Album Review – Jesse Daniel’s “Countin’ The Miles”


#510.2 and #510.3 (Honky Tonk and Hard Country) on the country DDS.

Hot damn, son. Jesse Daniel brings a loaded down Peterbilt’s worth of full-tilt twang to this one, and puts all worries about “wHaT’s HAppeNeD To TOdAyS COunTRY mUsIc!” to bed. You want country music? Listen to Jesse Daniel.

If you ain’t country, you will be after giving this thing a spin. You’ll be trying on ostrich boots and Resistol hats, saying “Yes sir” and “Yes ma’am” to everyone you meet, and cooking all your meals in a hole in your back yard just big enough for a cast iron dutch oven. Your neighbors will be wondering what the hell happened to the mild-mannered investment banker next door, but you’ll be in country music heaven with Countin’ The Miles blaring on repeat.

Jesse Daniel’s already dazzled us with his first three albums. But with his first album in three years, he takes the reins as producer for the first time, and triples down on his commitment to authentic honky tonk sounds and the country music way of life.

When Jesse Daniel espouses the importance of country, he’s not just talking about a music genre. To him, “country music” is just as much a lifestyle, a state of mind, darn near an ideology or even a religion to live up to and abide by. It’s about hard work, honesty, self-reliance, and doing right by yourself and others. Daniel is such a devoted apostle to country music because it’s what he used to straighten his own life out and find a righteous path.

To be honest, when taken together, the three early singes released from this album had you a little concerned it may be a little too “get off my lawn” with some of the bellyaching about the wrong direction of everything in today’s world. The Merle Haggard influence in fellow California native Jesse Daniel comes to the forefront, including with the song “Tomorrow’s Good Ol’ Days” that features Merle’s son and fellow performer Ben Haggard.

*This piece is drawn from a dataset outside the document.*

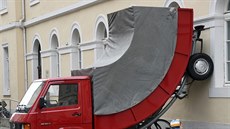 Dílo s názvem Truck vystavil Erwin Wurm u centra umní v Karlsruhe.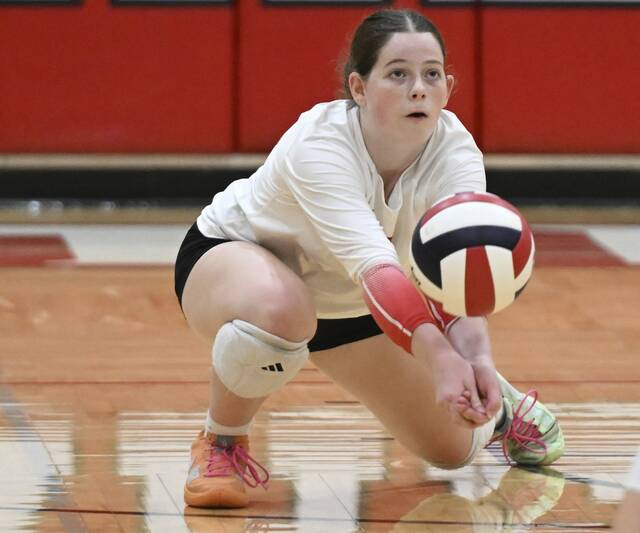 8846521_web1_nh-NorthHillsVolleyball12-091025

But just like Jesse Daniel has shown throughout his career, it’s not just the hard country sound he forwards, but the stories he tells, the characters he creates, and the wisdom he shares that makes his kind of country music the kind of country music you consider your favorite too.

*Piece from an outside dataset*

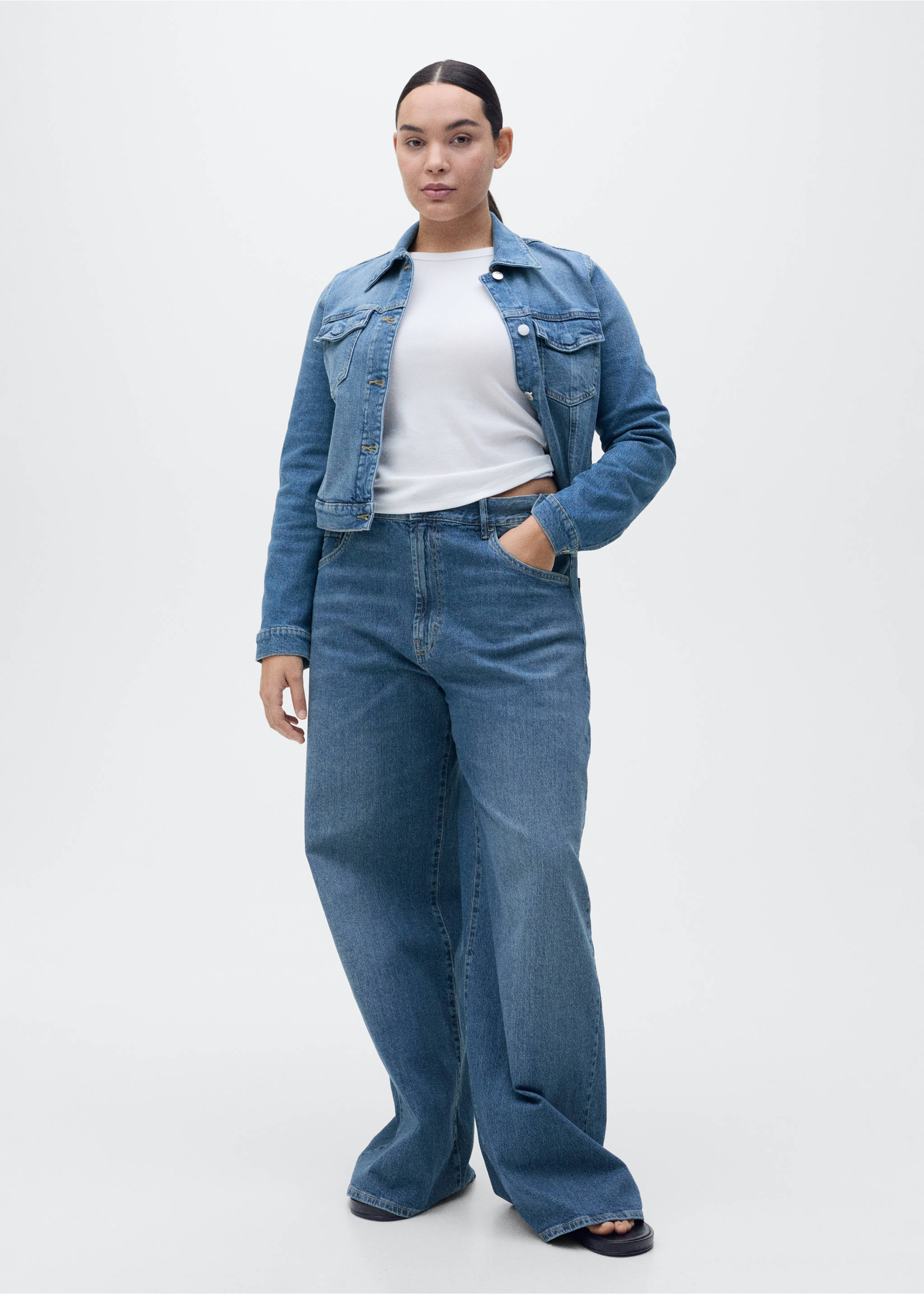 High-waisted wideleg jeans - Details of the article 3, Medium Blue. Ref: 87055742-00.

On Countin’ The Miles, Jesse Daniel and co-writer/harmony singer Jodi Lyford do what all great traditional country artists do: take the timeless stories of country, and figure out new and fresh ways to tell them. “Ol’ Montana” is a classic story of moving away from home and getting your heart broken, but with a murderous twist. “Steppin’ Out” reminds you of the feistiest duets between Loretta Lynn and Conway Twitty back in the day.

Jesse Daniel also sings about both sides of the honky tonk life: the freewheelin’ and fancy free part of dancing your cares away until the early morning, and the empty feeling for those who get caught in that life and never leave. No matter what stage of life you may happen to be in, Jesse Daniel has a song for you. “When Your Tomorrow’s In The Past” is one of those songs that gets better every time you listen.

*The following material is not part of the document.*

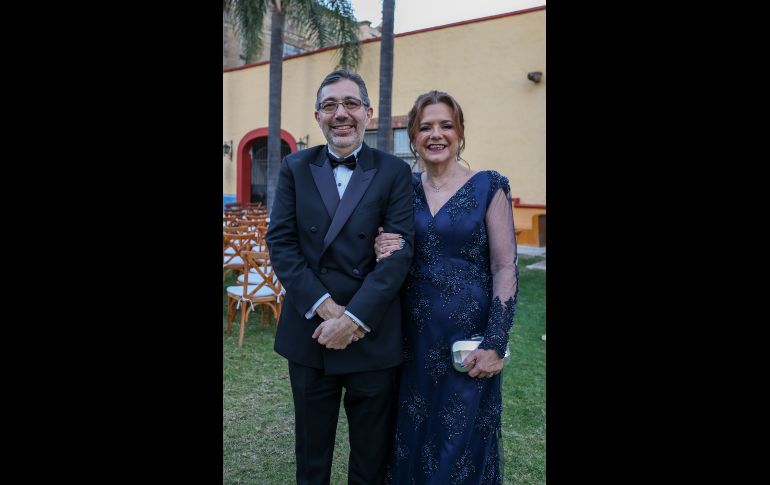 Oscar De Aguinaga, Gaby Lozano. GENTE BIEN JALISCO / M TEJEDA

But let’s not bury the lede here. As great as the writing is for many of the the eleven songs of Countin’ The Miles, it’s the steel and lead guitar work on this record that is super tasty, incredibly twangy, and makes this album worthy of spinning even if lyricism is something you rarely pay attention to.

Whatever deficit mainstream country has accrued in the twang department over the last 20 years, Countin’ The Miles darn near balances it out. Jesse Daniel the producer was patently unafraid to call for more twang and more twang until it might be scientifically impossible to fit any more into these tracks. This all culminates in the final song “Cut Me Loose” where the lead instruments are allowed extra rounds to get their licks in before the album concludes in a fade out.

Think that country music’s dead? That there hasn’t been anything good in 20 years? Well then you don’t know Jesse Daniel.